Police ask: “Alexa, did you witness a murder?”

Enlarge / Always listening—but can it solve a murder? (credit: Valentina Paladino)

In November of 2015, former Georgia police officer Victor Collins was found dead in a backyard hot tub at the Bentonville, Arkansas, home of acquaintance James Andrew Bates. Bates claimed it was an accidental drowning when he contacted police at 9:30am, claiming he had gone to bed and left Collins and another man behind in the tub. But Bentonville Police investigators determined that Collins had died after a fight, while being strangled and held underwater—and that Bates was the only person at the scene at the time. Now investigators have reportedly served a search warrant to Amazon in hopes of getting testimony from a possible witness: the Amazon Echo that was streaming music near the hot tub when they arrived at the scene.

The police were immediately suspicious when they found that the water of the hot tub was tinted red and that Collins had injuries suggesting a struggle—including cuts on an eyelid, a bloodied nose, and swollen lips.

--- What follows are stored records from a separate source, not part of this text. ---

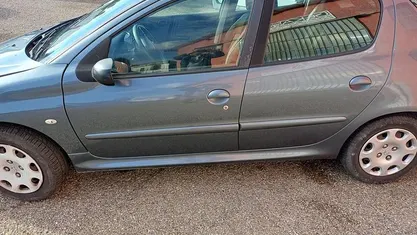 Usata Peugeot 206 68 CV (50 kW) 2007 Berlina
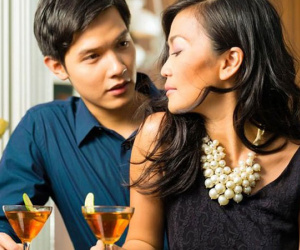 Ham đổi đời, gái trẻ sập bẫy thành 'mồi nhử' cho bà chủ quán massage hốt tiền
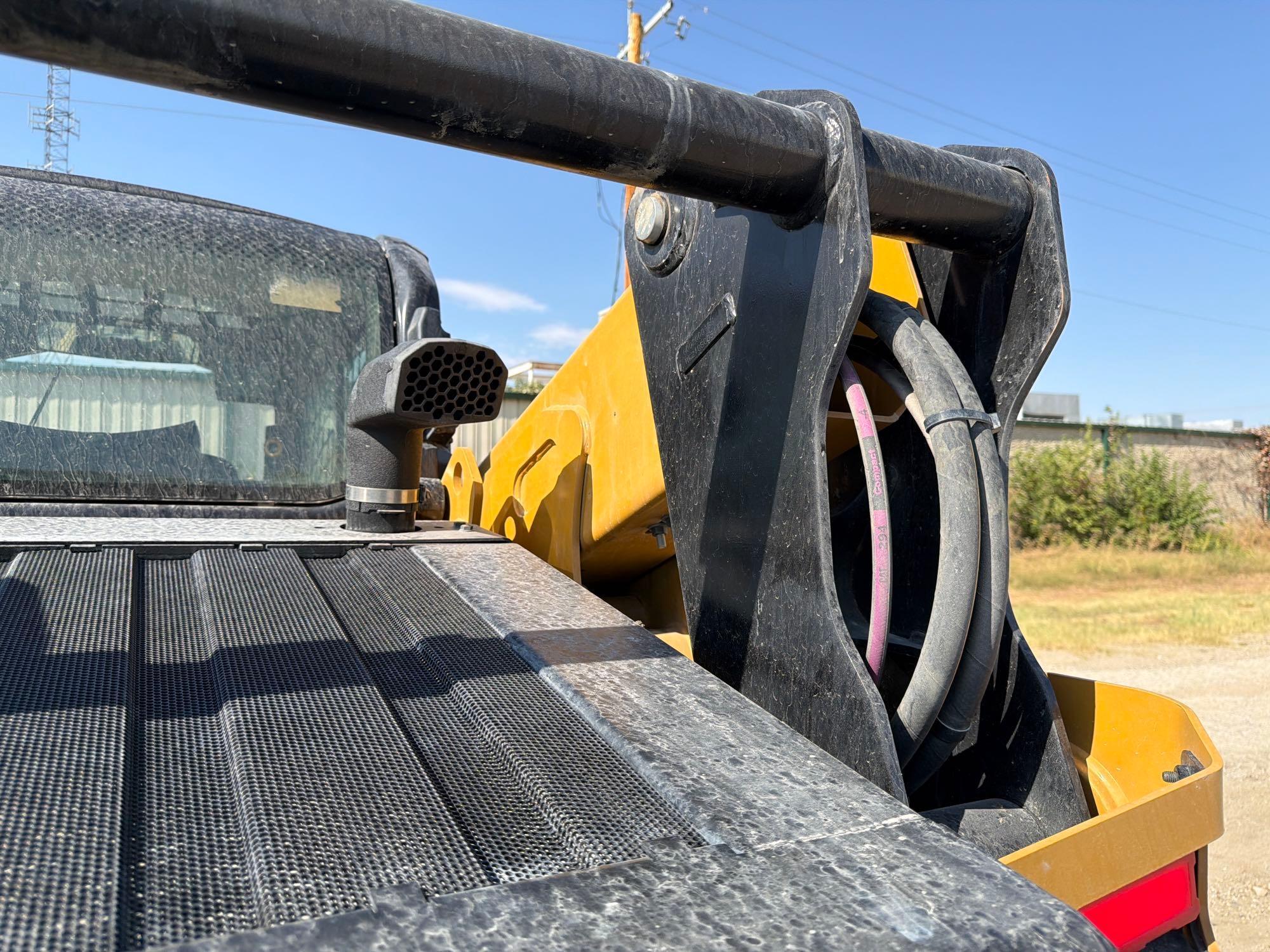 2025 Caterpillar 265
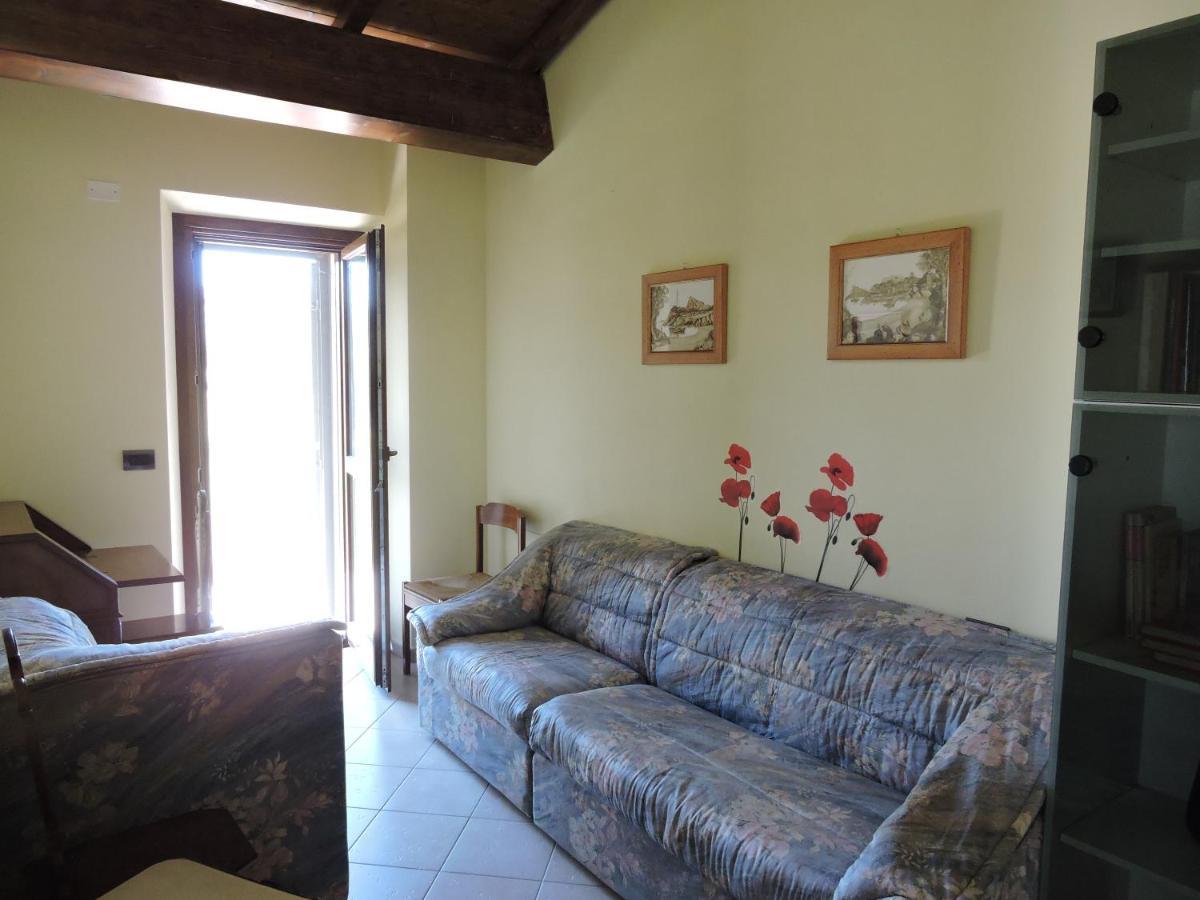 La Casa Di Marco E Lorella Fratta Todina Luaran gambar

There were signs of blood on the sides of the hot tub and on the patio around it and evidence that the tub and the patio had been hosed down to remove the blood. A water meter record from the city’s utility department showed that 140 gallons of water had been used between 1:00am and 3:00am on the night of the incident.

As investigators continued to gather evidence, as first reported by The Information, the Bentonville Police Department requested a search warrant to obtain records from Amazon for anything the Echo might have recorded that night. Police obtained a search warrant for Bates’ Amazon account information on December 4, 2015 and went back to Amazon again in January of 2016 with an extension of the warrant; according to a warrant return affidavit filed by police, Amazon “eventually complied with the warrants on February 8, 2016, but only supplied a portion of what was requested in both search warrants.”